YOUR TASK =>
All of the records below must be reproduced exactly, minus any pictures.

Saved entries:
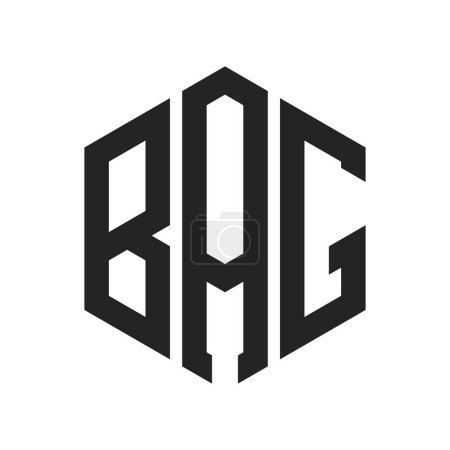 BAG Logo Design. Initial Letter BAG Monogram Logo mit Sechseck-Form
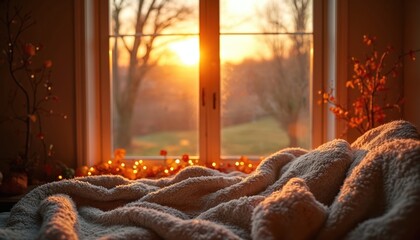 Warm autumn sunset light fills cozy room interior. Soft fluffy blanket draped near window. Golden hour ambiance creates peaceful, comfortable home atmosphere for deep relaxation. Seasonal decor adds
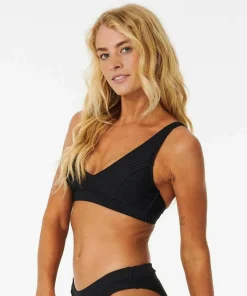 Rip Curl Women's Premium Surf D Cup Deep V Bikini Top Black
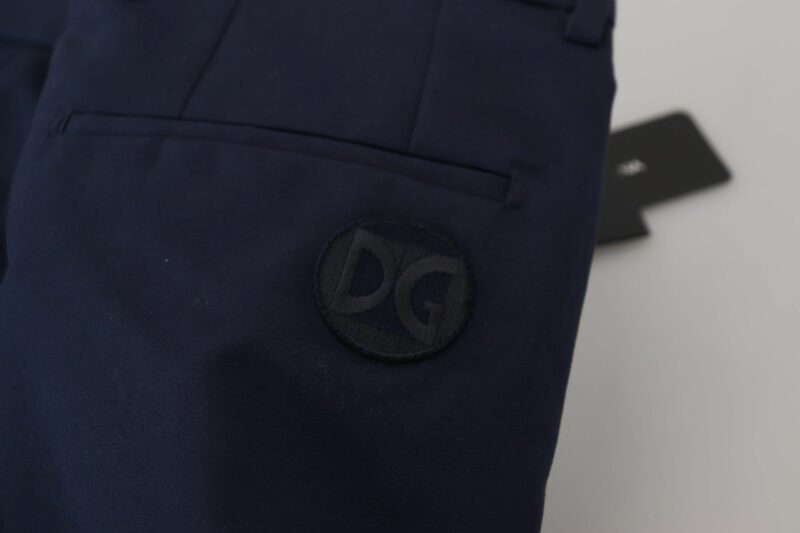 Dolce & Gabbana Elegant Slim Fit Blue Dress Pants - Image 7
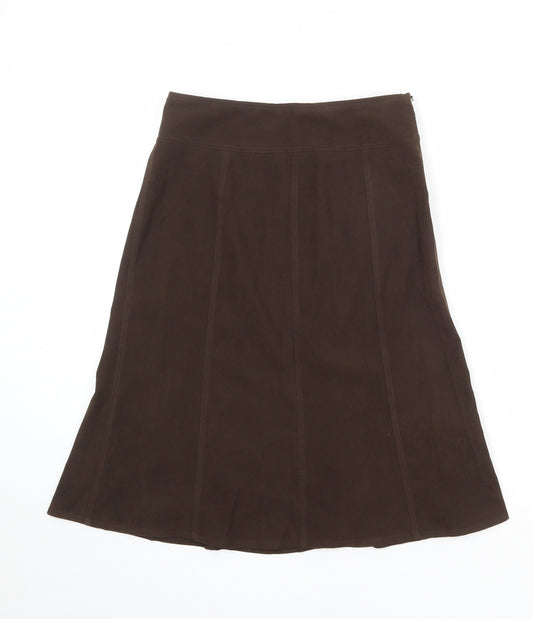 New Look Womens Brown Polyester Swing Skirt Size 8 Zip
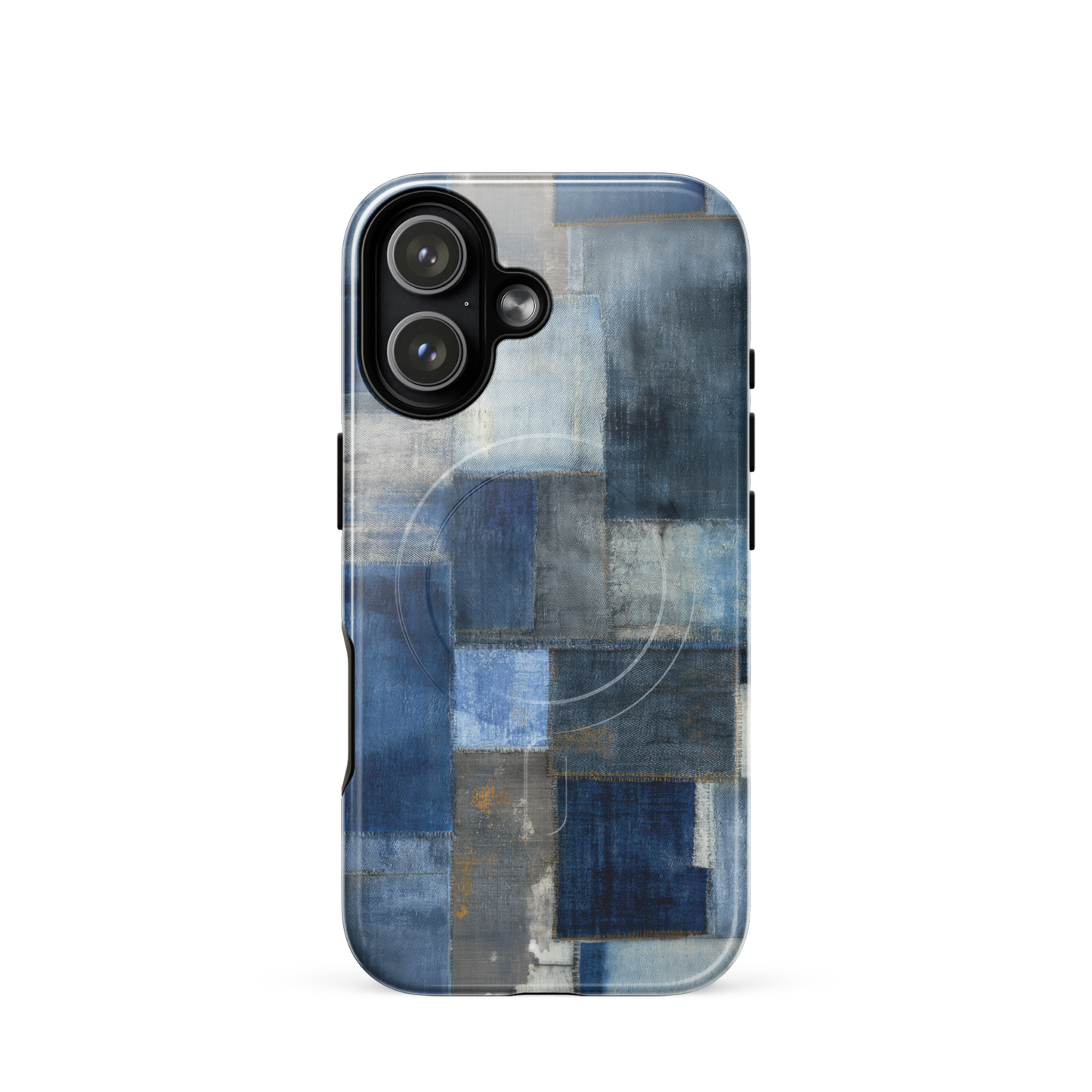 'Indigo Patchwork' iPhone 17 MagSafe tough phone case - protective glossy case NZ Australia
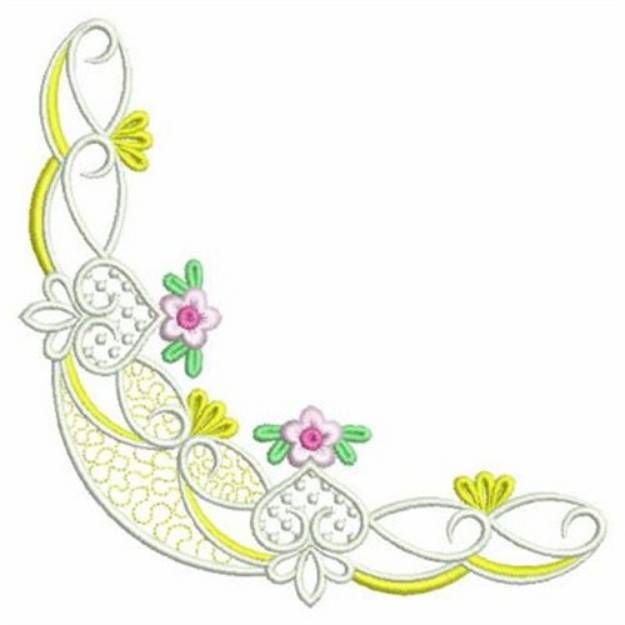 Picture of Elegant Floral Corner Machine Embroidery Design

OUTPUT =>
 BAG Logo Design. Initial Letter BAG Monogram Logo mit Sechseck-Form
 Warm autumn sunset light fills cozy room interior. Soft fluffy blanket draped near window. Golden hour ambiance creates peaceful, comfortable home atmosphere for deep relaxation. Seasonal decor adds
 Rip Curl Women's Premium Surf D Cup Deep V Bikini Top Black
 Dolce & Gabbana Elegant Slim Fit Blue Dress Pants - Image 7
 New Look Womens Brown Polyester Swing Skirt Size 8 Zip
 'Indigo Patchwork' iPhone 17 MagSafe tough phone case - protective glossy case NZ Australia
 Picture of Elegant Floral Corner Machine Embroidery Design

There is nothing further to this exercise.